As shown in Figure 2, this uncertainty has three themes: Requirement Coverage, Solution Scalability, and Solution Extensibility. Requirement Coverage represents the uncertainty due to requirements that should have been captured in the initial pass but are were missed due to oversight, schedule pressures, or inadequate business involvement. These requirements surface later in the implementation (usually during System Testing - or worse - during User Testing). Implementation teams rely on business members to minimize this source of uncertainty. Solution Scalability represents the uncertainty related to how well can the budgeted solution components address the unforeseen business requirements without additional development. Such requirements arise unannounced from unforeseen business process changes during the implementation. Only mature implementation teams design solutions with the foresight to handle this source of uncertainty. Solution Extensibility represents the uncertainty due to the unbudgeted changes needed in the solution to handle unforeseen business requirements. This is a blind spot for most implementation teams.

The following strategies have been found useful in minimizing the impact of these uncertainties on the quality, cost, schedule, and scope of an implementation:


  Strategies to reduce the impact of the uncertainty

Requirement Coverage

 Make first-pass requirement gathering a foolproof process

  • Involve the right levels of business users in requirement gathering. Ensure representation from right geographies, roles, departments, and product/service segments. Involve senior business managers (VPs/Directors) in reviewing the requirements and signing them off.
  • Validate against previously created requirement inventories to ensure requirements are not missed. Such inventories can come from older business or IT assessments, business cases, package evaluation exercises, and industry best practice literature.
  • Make sure the requirements tie to the to-be process flows. Tying each requirement to a step in the to-be process flow sometimes unearths many missed requirements.
  • Validate against the business functionalities provided by the current legacy system. Focus on functionalities required in the to-be system and check if all have been captured as business requirements.
  • Conduct detailed Conference Room Pilots (CRPs) to validate the first-pass requirements.
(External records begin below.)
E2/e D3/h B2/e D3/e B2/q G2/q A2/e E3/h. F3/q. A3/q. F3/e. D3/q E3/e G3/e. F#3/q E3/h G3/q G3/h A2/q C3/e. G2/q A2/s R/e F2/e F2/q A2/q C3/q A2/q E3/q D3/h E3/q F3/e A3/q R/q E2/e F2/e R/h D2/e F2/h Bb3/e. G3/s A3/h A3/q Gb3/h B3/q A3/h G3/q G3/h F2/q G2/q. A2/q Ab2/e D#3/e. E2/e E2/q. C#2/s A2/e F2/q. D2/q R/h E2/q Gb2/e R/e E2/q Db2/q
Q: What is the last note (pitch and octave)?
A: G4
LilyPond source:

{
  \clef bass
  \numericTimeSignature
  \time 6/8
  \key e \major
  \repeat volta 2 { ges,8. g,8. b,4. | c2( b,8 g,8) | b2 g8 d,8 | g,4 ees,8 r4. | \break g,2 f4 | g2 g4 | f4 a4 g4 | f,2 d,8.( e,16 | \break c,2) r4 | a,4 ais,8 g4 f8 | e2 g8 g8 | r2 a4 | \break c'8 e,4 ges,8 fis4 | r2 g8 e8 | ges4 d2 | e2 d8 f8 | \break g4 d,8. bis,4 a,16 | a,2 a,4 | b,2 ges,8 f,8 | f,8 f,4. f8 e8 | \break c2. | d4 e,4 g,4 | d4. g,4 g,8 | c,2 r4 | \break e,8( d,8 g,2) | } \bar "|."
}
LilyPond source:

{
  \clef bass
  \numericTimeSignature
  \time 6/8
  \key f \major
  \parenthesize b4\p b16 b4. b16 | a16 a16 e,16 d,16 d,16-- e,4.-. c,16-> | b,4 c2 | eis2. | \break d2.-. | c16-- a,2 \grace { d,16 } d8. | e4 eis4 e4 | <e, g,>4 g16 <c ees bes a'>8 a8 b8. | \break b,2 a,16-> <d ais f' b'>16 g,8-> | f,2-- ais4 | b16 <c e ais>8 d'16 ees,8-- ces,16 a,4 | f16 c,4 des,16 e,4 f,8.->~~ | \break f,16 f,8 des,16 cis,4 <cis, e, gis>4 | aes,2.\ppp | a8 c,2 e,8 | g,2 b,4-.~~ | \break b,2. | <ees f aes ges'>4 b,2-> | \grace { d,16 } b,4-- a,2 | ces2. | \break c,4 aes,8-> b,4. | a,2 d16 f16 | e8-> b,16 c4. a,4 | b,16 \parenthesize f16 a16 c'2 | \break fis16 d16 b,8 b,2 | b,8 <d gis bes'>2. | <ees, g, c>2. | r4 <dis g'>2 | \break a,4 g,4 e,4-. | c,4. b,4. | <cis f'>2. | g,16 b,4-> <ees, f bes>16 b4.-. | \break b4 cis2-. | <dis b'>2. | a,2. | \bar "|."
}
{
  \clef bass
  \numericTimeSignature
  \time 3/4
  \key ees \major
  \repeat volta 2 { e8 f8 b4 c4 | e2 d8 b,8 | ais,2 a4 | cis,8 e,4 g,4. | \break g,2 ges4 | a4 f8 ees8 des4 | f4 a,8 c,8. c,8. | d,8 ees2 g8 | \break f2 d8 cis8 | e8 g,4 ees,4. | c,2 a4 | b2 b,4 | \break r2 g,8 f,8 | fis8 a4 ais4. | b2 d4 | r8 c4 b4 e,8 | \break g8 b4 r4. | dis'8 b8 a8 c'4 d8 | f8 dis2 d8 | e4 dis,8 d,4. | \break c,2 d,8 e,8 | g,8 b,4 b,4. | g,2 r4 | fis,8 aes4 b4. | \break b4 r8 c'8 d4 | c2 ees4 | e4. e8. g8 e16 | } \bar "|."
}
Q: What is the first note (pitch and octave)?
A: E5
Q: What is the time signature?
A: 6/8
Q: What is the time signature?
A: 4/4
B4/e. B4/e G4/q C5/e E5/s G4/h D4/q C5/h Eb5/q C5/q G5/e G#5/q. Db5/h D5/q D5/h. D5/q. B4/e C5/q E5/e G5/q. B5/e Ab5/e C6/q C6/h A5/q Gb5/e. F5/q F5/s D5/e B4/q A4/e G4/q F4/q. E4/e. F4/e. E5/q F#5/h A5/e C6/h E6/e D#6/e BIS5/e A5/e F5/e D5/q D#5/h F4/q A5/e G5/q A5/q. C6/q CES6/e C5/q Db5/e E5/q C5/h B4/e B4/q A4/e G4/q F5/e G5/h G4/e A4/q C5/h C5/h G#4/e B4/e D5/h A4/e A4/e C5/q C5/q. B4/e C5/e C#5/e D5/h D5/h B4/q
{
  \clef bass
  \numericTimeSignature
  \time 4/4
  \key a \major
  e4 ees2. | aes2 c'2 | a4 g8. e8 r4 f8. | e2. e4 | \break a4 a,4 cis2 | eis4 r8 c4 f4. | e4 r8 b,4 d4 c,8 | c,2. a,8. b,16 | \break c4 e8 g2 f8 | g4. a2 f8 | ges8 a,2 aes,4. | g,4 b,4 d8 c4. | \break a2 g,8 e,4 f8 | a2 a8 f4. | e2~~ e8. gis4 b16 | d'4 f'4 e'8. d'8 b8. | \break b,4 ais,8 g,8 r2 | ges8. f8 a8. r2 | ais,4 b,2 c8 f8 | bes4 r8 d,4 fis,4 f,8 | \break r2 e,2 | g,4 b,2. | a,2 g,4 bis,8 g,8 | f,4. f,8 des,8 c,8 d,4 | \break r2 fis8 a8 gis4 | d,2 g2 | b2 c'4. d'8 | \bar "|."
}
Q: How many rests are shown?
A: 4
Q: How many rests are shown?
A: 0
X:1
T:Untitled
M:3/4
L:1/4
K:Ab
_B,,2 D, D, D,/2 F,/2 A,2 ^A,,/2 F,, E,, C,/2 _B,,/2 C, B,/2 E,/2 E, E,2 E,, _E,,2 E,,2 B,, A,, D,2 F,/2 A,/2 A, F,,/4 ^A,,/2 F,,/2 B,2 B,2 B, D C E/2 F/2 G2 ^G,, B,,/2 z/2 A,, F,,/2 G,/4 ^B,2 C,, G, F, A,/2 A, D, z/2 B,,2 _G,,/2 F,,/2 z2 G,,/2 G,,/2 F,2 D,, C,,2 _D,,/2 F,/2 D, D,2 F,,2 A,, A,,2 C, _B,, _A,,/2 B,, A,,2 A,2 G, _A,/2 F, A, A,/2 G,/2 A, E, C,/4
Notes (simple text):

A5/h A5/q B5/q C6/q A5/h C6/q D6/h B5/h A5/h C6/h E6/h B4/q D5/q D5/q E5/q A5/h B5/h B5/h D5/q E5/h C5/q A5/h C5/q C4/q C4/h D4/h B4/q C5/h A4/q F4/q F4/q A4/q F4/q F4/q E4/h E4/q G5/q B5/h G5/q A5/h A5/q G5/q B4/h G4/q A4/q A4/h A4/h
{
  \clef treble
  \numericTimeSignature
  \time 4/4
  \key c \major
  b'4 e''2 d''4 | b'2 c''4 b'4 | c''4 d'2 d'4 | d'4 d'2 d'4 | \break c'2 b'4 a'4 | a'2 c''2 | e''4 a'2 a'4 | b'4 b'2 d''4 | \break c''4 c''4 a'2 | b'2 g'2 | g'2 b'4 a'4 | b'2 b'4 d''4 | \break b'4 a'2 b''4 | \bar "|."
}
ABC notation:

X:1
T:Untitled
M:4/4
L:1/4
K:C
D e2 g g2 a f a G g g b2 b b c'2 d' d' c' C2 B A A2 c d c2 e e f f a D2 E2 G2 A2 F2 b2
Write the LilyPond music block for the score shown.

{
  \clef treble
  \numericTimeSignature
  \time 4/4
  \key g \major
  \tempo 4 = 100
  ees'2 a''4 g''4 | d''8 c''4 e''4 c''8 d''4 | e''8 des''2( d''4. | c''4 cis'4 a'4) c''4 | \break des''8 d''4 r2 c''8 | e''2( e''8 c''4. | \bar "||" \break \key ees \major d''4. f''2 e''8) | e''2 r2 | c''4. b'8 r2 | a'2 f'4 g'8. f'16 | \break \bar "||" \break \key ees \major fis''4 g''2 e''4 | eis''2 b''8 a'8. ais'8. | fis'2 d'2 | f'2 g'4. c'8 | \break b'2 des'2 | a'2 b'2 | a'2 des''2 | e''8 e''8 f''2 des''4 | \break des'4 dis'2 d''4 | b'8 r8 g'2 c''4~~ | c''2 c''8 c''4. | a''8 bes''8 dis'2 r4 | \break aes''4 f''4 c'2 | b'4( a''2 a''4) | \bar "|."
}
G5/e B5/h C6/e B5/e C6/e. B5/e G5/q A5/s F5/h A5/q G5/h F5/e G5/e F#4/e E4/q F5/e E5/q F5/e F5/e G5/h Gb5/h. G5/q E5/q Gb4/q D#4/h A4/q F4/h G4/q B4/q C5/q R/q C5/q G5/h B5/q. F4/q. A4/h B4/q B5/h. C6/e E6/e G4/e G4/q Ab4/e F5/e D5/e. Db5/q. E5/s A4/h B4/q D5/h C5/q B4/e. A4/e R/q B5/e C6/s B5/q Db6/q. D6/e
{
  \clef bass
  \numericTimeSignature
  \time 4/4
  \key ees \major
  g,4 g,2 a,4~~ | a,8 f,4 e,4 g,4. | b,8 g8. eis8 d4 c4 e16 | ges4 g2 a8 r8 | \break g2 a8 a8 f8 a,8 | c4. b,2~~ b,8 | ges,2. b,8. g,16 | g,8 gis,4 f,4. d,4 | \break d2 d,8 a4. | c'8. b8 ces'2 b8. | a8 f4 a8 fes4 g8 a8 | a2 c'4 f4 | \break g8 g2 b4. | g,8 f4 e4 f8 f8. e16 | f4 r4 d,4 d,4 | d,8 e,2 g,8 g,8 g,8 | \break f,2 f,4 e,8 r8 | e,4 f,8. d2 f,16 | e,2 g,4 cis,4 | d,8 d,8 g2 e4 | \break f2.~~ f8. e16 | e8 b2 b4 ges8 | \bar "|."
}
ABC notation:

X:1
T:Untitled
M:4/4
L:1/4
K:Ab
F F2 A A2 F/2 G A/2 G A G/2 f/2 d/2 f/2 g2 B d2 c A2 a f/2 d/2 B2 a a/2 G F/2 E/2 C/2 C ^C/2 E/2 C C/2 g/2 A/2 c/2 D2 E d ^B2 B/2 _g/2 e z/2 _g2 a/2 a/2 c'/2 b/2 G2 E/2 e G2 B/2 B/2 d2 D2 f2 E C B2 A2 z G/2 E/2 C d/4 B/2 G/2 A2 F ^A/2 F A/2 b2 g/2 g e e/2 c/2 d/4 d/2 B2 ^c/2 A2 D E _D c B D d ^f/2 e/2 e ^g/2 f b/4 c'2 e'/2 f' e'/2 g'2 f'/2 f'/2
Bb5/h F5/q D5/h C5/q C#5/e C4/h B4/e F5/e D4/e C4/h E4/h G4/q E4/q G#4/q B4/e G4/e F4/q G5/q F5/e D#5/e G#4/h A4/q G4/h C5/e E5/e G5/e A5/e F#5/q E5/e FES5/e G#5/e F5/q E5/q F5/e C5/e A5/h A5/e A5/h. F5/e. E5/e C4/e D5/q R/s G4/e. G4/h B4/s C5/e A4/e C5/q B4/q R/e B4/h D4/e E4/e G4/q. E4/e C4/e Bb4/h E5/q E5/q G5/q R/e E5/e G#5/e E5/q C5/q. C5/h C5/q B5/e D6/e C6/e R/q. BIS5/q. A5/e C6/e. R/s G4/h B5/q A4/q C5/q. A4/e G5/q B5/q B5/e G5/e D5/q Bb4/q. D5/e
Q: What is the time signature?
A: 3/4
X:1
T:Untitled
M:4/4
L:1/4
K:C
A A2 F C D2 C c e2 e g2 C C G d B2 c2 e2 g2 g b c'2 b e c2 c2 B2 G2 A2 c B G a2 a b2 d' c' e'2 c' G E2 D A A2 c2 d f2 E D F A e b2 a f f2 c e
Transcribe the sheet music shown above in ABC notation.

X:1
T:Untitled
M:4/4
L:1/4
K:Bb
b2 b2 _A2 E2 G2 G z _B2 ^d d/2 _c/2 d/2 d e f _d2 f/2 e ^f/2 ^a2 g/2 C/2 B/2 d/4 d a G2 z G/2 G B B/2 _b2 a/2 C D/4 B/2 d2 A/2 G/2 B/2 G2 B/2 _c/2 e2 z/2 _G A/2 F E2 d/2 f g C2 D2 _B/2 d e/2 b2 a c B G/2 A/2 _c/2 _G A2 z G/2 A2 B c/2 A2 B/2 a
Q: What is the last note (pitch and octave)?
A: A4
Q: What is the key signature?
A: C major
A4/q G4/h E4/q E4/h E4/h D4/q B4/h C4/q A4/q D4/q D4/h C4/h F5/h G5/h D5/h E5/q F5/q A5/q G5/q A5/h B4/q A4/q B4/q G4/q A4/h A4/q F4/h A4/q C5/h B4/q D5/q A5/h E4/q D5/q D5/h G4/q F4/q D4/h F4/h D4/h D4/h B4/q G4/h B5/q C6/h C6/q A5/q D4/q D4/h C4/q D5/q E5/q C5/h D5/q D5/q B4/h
 Enforce early and continuous user involvement for smooth course corrections

  • Involve business users early in the solution testing process. Let business own the task of test script preparation to ensure the system design has voice-of-customer embedded. Involve newer business members (different from the ones involved in requirement gathering) early in testing for an unbiased assessment of the solution.
  • Conduct testing with a consistent data set that represents real business data. Use such data sets to conduct testing for all business process flows and variants from start to finish.
  • Pilot training materials early with real business users

Solution Scalability

 Develop “Solution Platforms”, and not just “Solutions”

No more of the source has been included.